La stessa legge fu applicata nelle elezioni del 2008 (vittoria larga del centro-destra) e del 2013 (passaggio dal
bipolarismo al tripolarismo con l’esplosione del fenomeno 5 stelle).
***
L’Italicum. In questa legislatura si è tornati a metter mano alla legge elettorale con l’approvazione dell’Italicum
che però vale solo per la Camera dei Deputati ed è soggetta al vaglio della corte Costituzionale che renderà noto
il proprio verdetto il 24 gennaio 2017.

Quasi tutti gli osservatori ritengono probabile che la Corte Costituzionale dichiarerà inammissibili il premio di
maggioranza, il ballottaggio e le candidature bloccate dei capilista.

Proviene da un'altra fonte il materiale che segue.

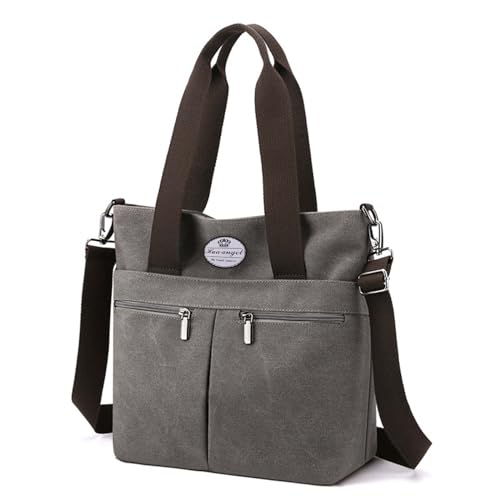 HUA ANGEL Vintage Canvas Damen Handtasche Schultertasche Crossbody Mittelgroß Vintage UmhäNgetasche Mit Vielen FäChern FüR Die Arbeiten Sportlich Shopping von HUA ANGEL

In questo modo la consulta ridisegnerà un sistema elettorale sostanzialmente proporzionale con uno sbarramento al
3%.

Vi è chi ritiene che con queste sentenze definite autoapplicanti si possa andare a votare perché in pratica si
svincolano i partiti dal costruire delle alleanze o dei cartelli elettorali prima del voto.

Rimarrebbe però irrisolto il problema della difformità degli sbarramenti tra camera e Senato: a Montecitorio, come
detto, ve n’è uno al 3%, a Palazzo Madama è fissato all’8%.
Ecco, allora,che è necessario un intervento del Parlamento che armonizzi le due legislazioni.
***
Conclusioni per forza provvisorie. Si torna a quello che abbiamo definito all’inizio “il nodo di fondo”:
• vogliamo costruire un sistema elettorale che fotografi l’esistente e che rinvii al dopo voto la costruzione delle
maggioranze parlamentari o vogliamo un sistema elettorale che attribuisca all’elettore anche la facoltà di indicare
da chi vuol esser governato?

• Vogliamo, in sostanza, governi dalla vita breve od esecutivi che si reggano in piedi per una legislatura e poi
vengan giudicati al momento del voto?

• I populisti che ogni giorno c’impartiscono non richieste lezioni di democrazia e ci richiamano continuamente al
rispetto quasi sacrale della volontà popolare,soprattutto quando questa conferma i loro deisiderata, vogliono
davvero passare da un assetto istituzionale che sostanzialmente affidava al popolo l’elezione del governo ad uno
che invece l’affida completamente alle trattative tra i gruppi parlamentari?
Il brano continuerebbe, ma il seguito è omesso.